All looked at the mother with sadness and respect. A hum of sympathy accompanied her. Sizov silently put the people out of her way, and they silently moved aside, obeying a blind impulse to follow her. They walked after her slowly, exchanging brief, subdued remarks on the way. Arrived at the gate of her house, she turned to them, leaning on the fragment of the flag pole, and bowed in gratitude.
“Thank you!” she said softly. And recalling the thought which she fancied had been born in her heart, she said: “Our Lord Jesus Christ would not have been, either, if people had not perished for his sake.”
The crowd looked at her in silence.
She bowed to the people again, and went into her house, and Sizov, drooping his head, went in with her.

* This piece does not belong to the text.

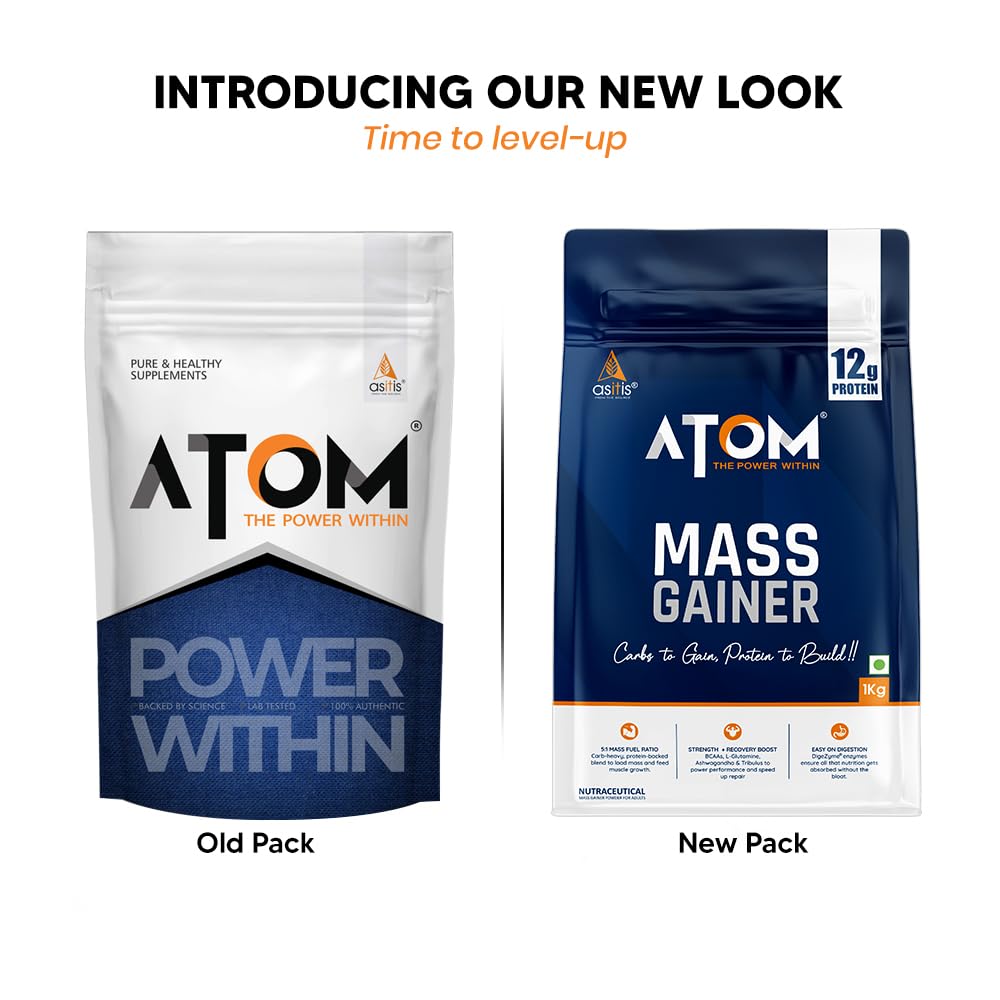 ATOM PWR Mass Gainer by Asitis Nutrition, 1 Kg, 13 Servings, 5:1 Carb-Protein Ratio, Double Rich Chocolate, Unisex Nutritiona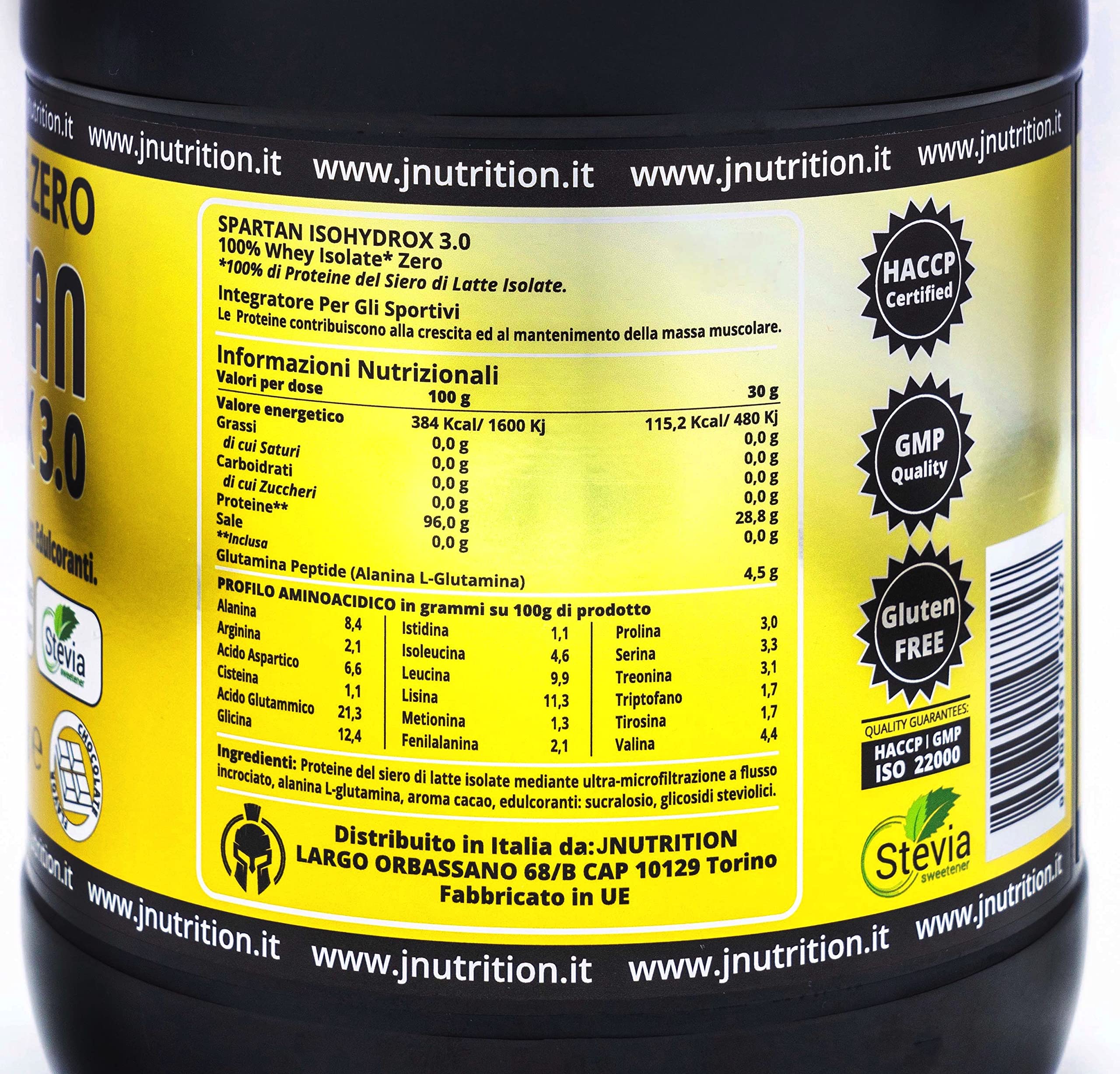 SPARTAN ISOHYDROX 3.0, Proteine Isolate, 96% Proteine Pure, senza Zucchero, senza Lattosio, senza Carboidrati, senza Glutine o Grassi (1 kg, Cioccolato)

The people stood at the gates and talked. Then they began to depart slowly and quietly.
The day passed in a motley blur of recollections, in a depressing state of exhaustion, which tightly clutched at the mother’s body and soul. The faces of the young men flashed before her mental vision, the banner blazed, the songs clamored at her ear, the little officer skipped about, a gray stain before her eyes, and through the whirlwind of the procession she saw the gleam of Pavel’s bronzed face and the smiling sky-blue eyes of Andrey.
She walked up and down the room, sat at the window, looked out into the street, and walked away again with lowered eyebrows. Every now and then she started, and looked about in an aimless search for something. She drank water, but could not slake her thirst, nor quench the smoldering fire of anguish and injury in her bosom. The day was chopped in two. It began full of meaning and content, but now it dribbled away into a dismal waste, which stretched before her endlessly. The question swung to and fro in her barren, perplexed mind:
“What now?”
Korsunova came in. Waving her hands, she shouted, wept, and went into raptures; stamped her feet, suggested this and that, made promises, and threw out threats against somebody. All this failed to impress the mother.
“Aha!” she heard the squeaking voice of Marya. “So the people have been stirred up! At last the whole factory has arisen! All have arisen!”
“Yes, yes!” said the mother in a low voice, shaking her head. Her eyes were fixed on something that had already fallen into the past, had departed from her along with Andrey and Pavel. She was unable to weep. Her heart was dried up, her lips, too, were dry, and her mouth was parched. Her hands shook, and a cold, fine shiver ran down her back, setting her skin aquiver.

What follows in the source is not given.